Whenever we meet with someone for the first time, our first appointment is predominantly spent discussing their goals, objectives, and priorities.  While some people know their financial goals, many people don’t.  In addition to this, we also find that sometimes people think they have clear financial planning goals, when in reality they have what could be more accurately called a ‘wish’ or a ‘dream’.
 
What’s the difference between a wish and a goal?  A goal, or at least a good goal, should meet the following criteria, which can be remembered by the acronym SMART:
  • Specific – is it clear exactly what the outcome is we’re looking for?
  • Measurable – will we know if we are on track, and/or when we are there?
  • Agreed – Is everyone on the ‘same page’ with the goal?
  • Realistic – Is it likely to achieve, given the available resources?
  • Time Based – When does it need to be done by?

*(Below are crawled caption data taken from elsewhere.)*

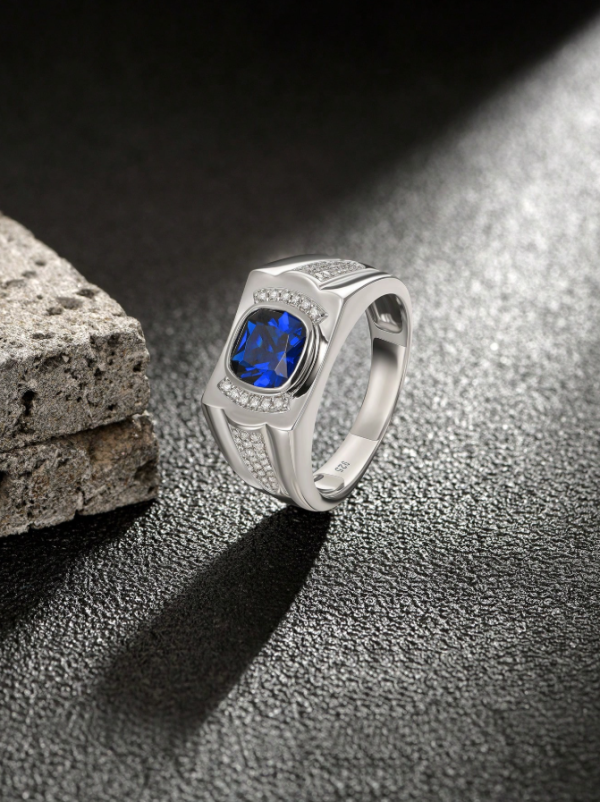 Solitaire 8*8mm 2.0 Carat Cushion Cut Dazzling Blue Synthetic Spinel Vintage  Eternity Wedding Ring - Image 7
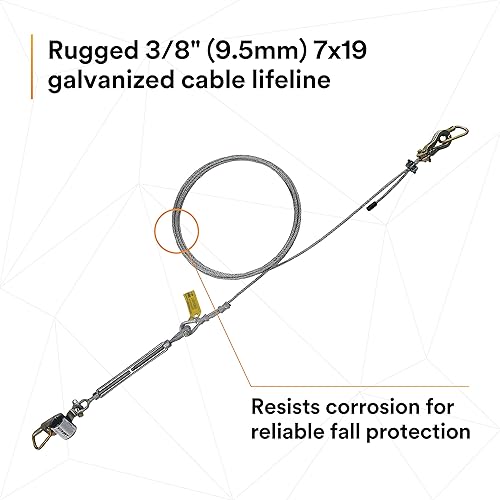 Miniatura 5 de 3M DBI-SALA Secura Span 7400420 Sistema horizontal, cable galvanizado de 20 pies, para vigas en I, se adapta a bridas de haz en I de 6 en 12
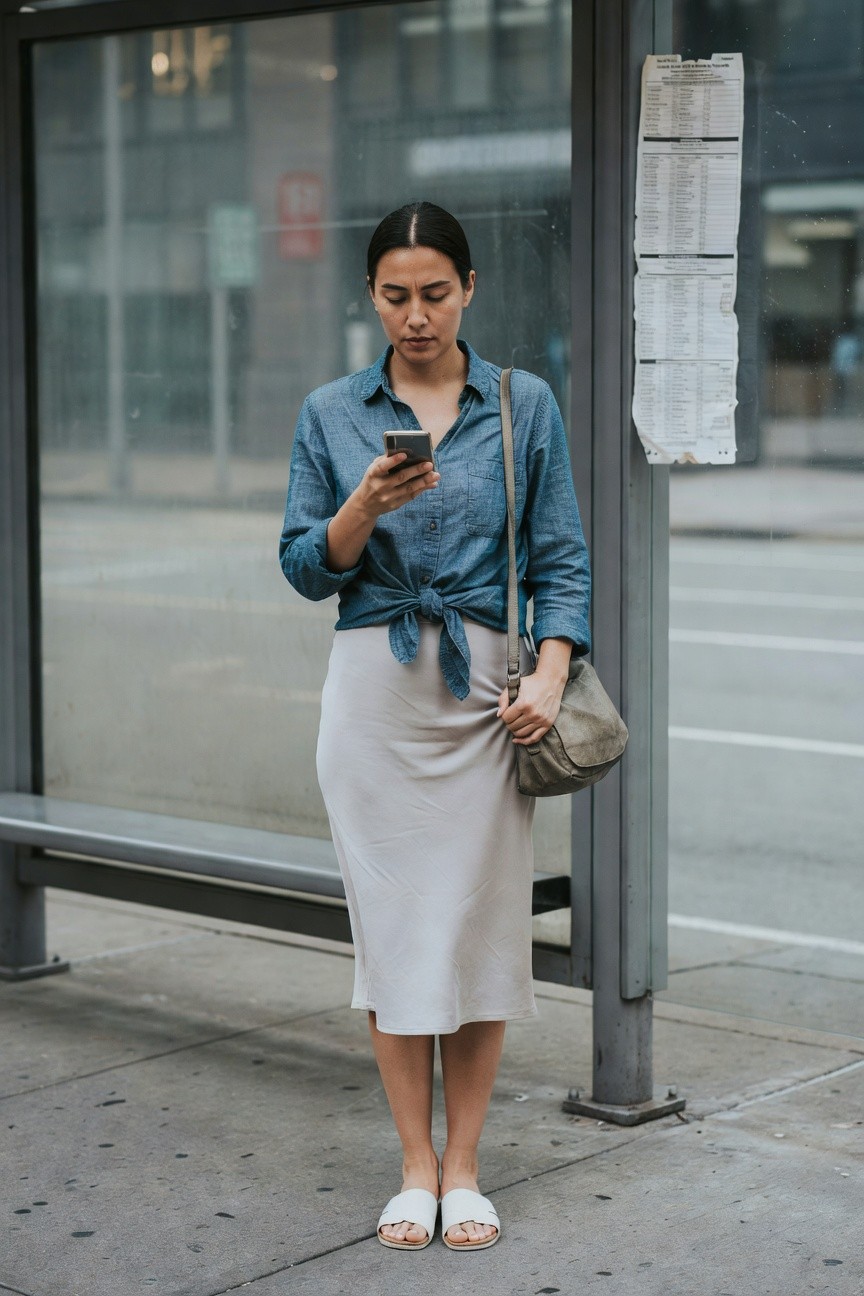 Woman standing at bus shelter in light blue chambray shirt tied at waist over pale beige midi skirt, tan crossbody bag, white slide sandals, checking phone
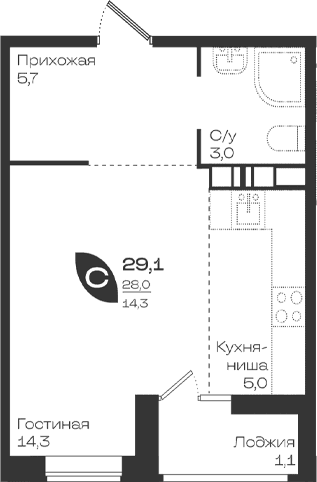 Продается 1-комн. квартира, 28 м²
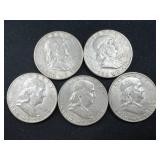 (5) Franklin Half Dollars- 1950, 1951, (3) 1952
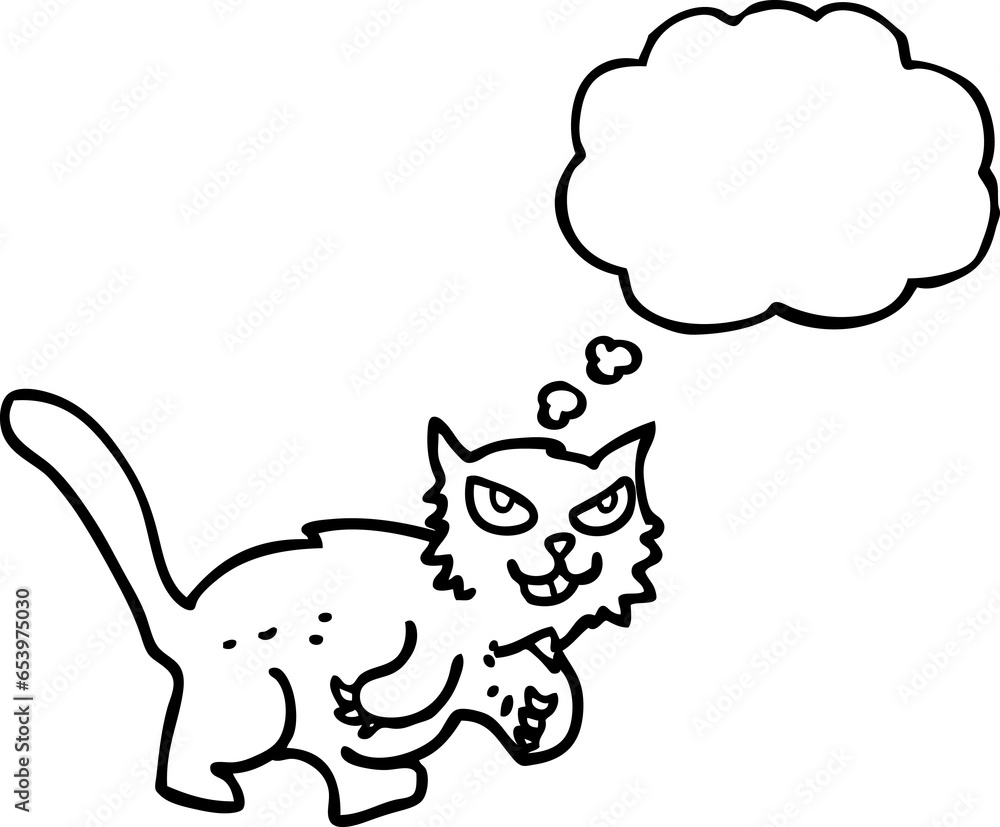 freehand drawn thought bubble cartoon cat freehand drawn thought bubble cartoon cat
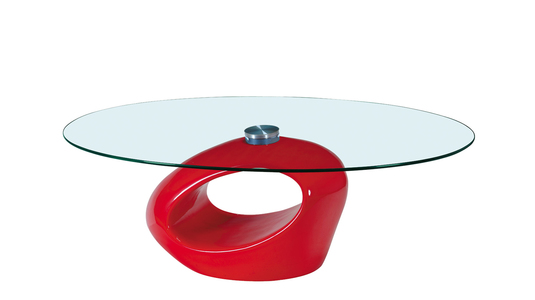 Tavolino basso da salotto in vetro e ABS Rondella � colore rosso image 1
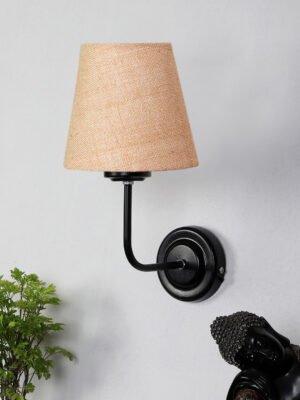 Ambika Home Beige Jute Wall Mounted Lamp Iron Base Decorative Wall Lamp for Living Room, Bedroom & Hallway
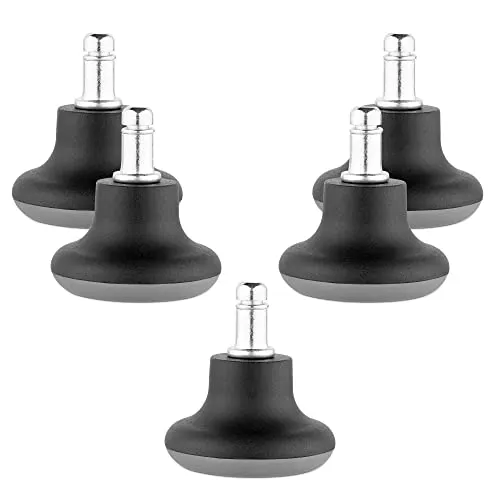 kwmobile Bürostuhl Gleiter 5er Set - Bodengleiter für Schreibtischstuhl 11/26mm - Drehstuhl Füße Parkett Fliesen - Stuhl Fußgleiter - schwarz grau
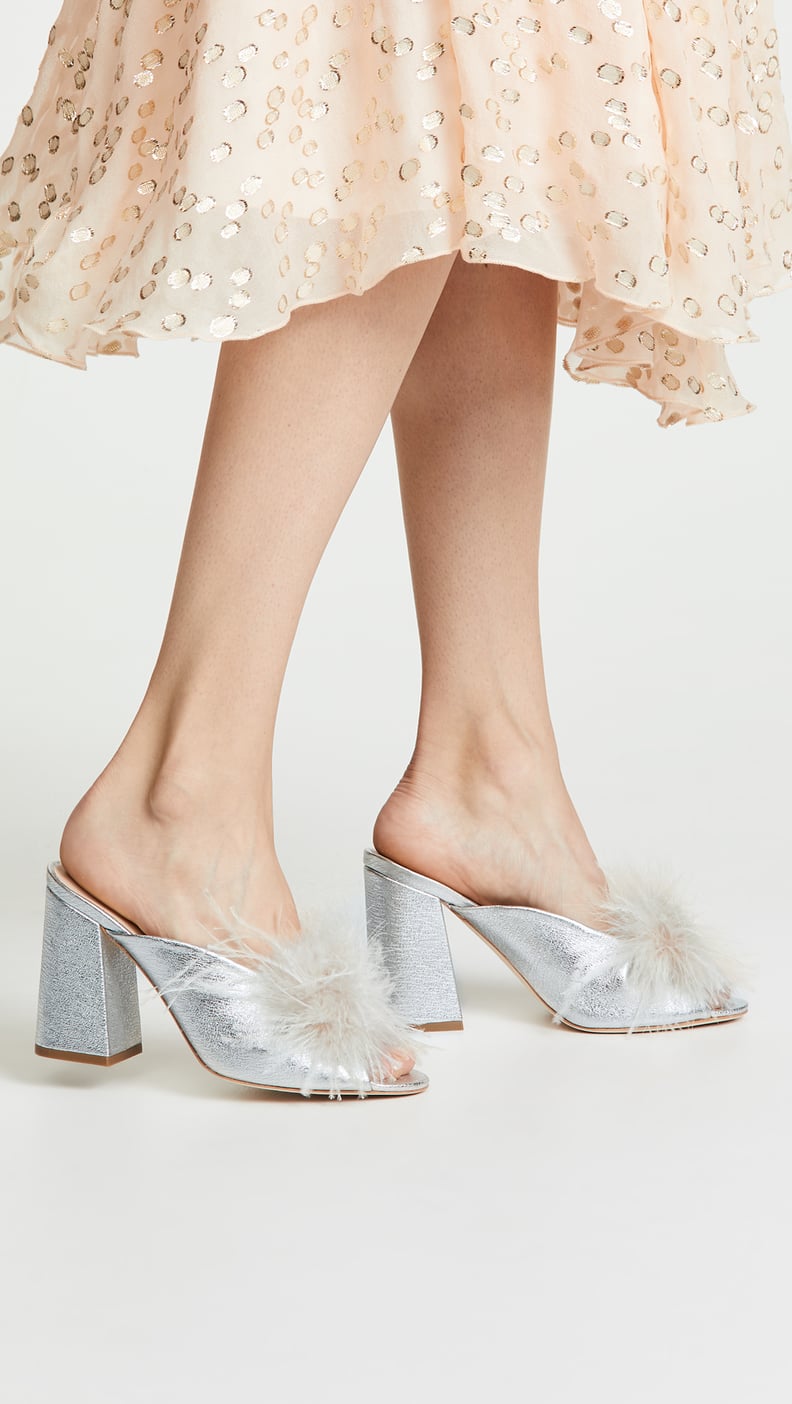 Loeffler Randall Laurel Twist Slides With Feathers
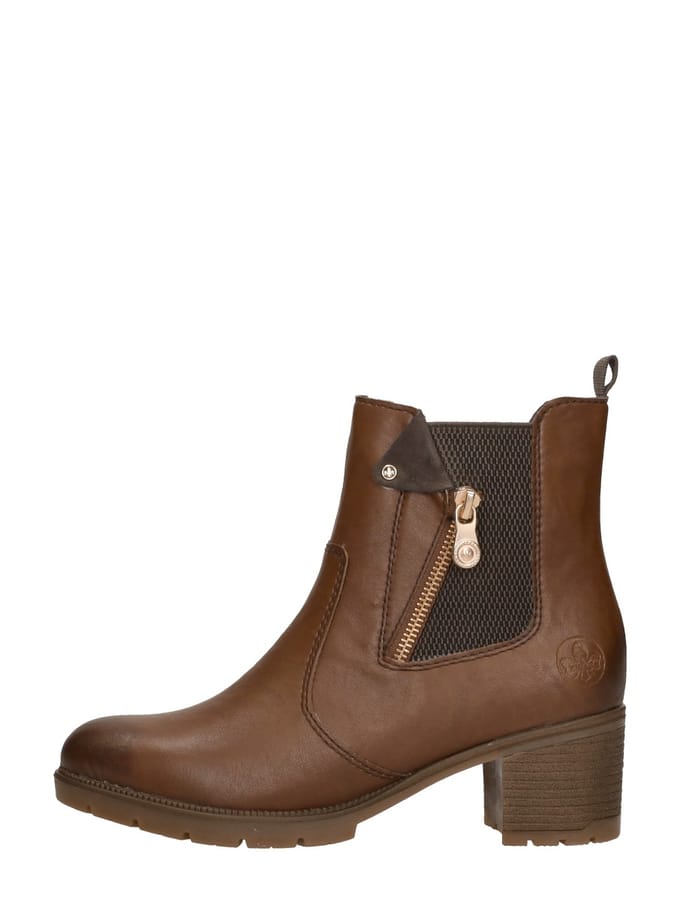 Rieker - Enkellaarsjes Hak Cognac 37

Let’s have a look at some common examples.  Some of the ‘wishes’ we often hear include:
  • Go on an overseas trip
  • Buy a new car
  • Help my kids out

The first thing we do is give this a bit of a tweak, to turn them into the corresponding goals:
  • Go on a trip at the end of next year which will cost around $10,000.
  • Buy a new car in 2018, with a trade in cost of $20,000.
  • Pay our daughter’s rent of $150 per week for the first year of her university degree.

Now let’s look at a slightly harder one.  Many of our clients list as one of the most important things to them ‘having enough for retirement’.  So how do we turn this abstract ‘dream’ into a concrete ‘goal’?  By simply filling in the blanks on the statement below:
  • You would like to retire at (retirement age) earning an income of (present value of retirement income needs) in today’s dollars. Assuming an indexation rate of 3%, over (years to retirement), this equates to you requiring (future value of retirement income needs) in the first year of your retirement.  Based on an assumed rate of return of (average investment return on retirement savings), requires a capital base of approximately (total retirement savings) in (month and year of retirement).

While calculating all of the parts of this may not be necessarily be easy, there’s no denying that it’s simple.  By the end of our first appointment, everyone who comes to see us to discuss retirement planning leaves with a SMART retirement goal.
The important thing from our perspective is that these goals have to come first.  The example that I always give is that getting financial planning advice without your financial adviser knowing your goals, is like your travel agent booking a trip for you without knowing where you want to go.

In both cases, you might end up where you wanted to go… but it’s highly unlikely.